A Canadian court has, for the first time ever, sentenced a drunk driver to life in prison, said Crown lawyer Joey Dubois.

Roger Walsh, 57, was handed the ruling in a courtroom west of Montreal. He pleaded guilty to mowing down a wheelchair-bound woman last year after a night of binge drinking.

It was his 19th drunk-driving conviction.

Quebec court judge Michel Mercier declared the man incorrigible and said he would be likely to reoffend.

But he did not hand prosecutors the legal prize they were hoping for: dangerous offender status for Walsh. The Crown had been seeking to make Walsh the first Canadian subjected to that designation for drunk driving.

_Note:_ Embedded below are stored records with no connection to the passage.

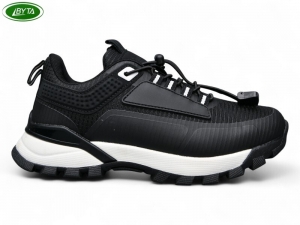 Кроссовки Bayota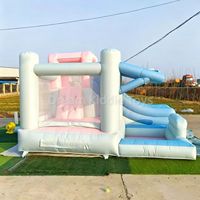 Château gonflable commercial Macaron Bleu Rose avec toboggan long, piscine frontale et toit rayé – Design de boutique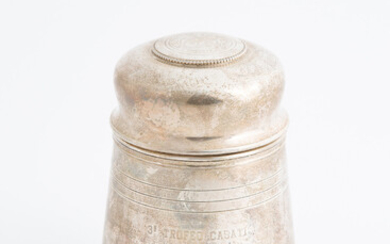 Box with silver lid, gr. 460 ca. Casati Cup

The judge concluded that the designation — which has been reserved for the worst criminals, did not apply in this case.

Ignatieff hurt by election talk: poll

OTTAWA — A new poll suggests Canadians think Michael Ignatieff is wrong to try to force an election this fall and the Liberal leader’s popularity has nosedived.

The Canadian Press Harris-Decima survey also suggests Liberal fortunes have dipped, with the Conservatives taking a slight lead nationally — 34 per cent to 31.

The NDP was at 15 per cent, the Greens at 10, and the Bloc Quebecois at eight.

According to the poll, respondents with a negative impression of Ignatieff jumped 15 points from March, to 41 per cent.

Thirty-nine per cent had a favourable impression, down six points.

Stephen Harper isn’t doing much better — impressions of the prime minister remained virtually unchanged with 44 per cent having a favourable opinion and 45 per cent having an unfavourable opinion.

The poll of more than 2,000 Canadians was conducted Aug. 27 to Sept. 6 and is considered accurate to within 2.2 percentage points 19 times in 20.

Thatcher profits may go to children

REGINA — The Saskatchewan government says it will go after the profits of convicted wife killer Colin Thatcher’s book and the money could end up with his children.

Justice Minister Don Morgan says officials have finished reading the book and believe it is covered by a law meant to stop criminals from profiting from their stories. The law says the proceeds could go to victims, their family members or a victims fund.

Morgan acknowledges it’s possible that Thatcher’s three children with JoAnn Wilson could benefit, although he says no decision has been made.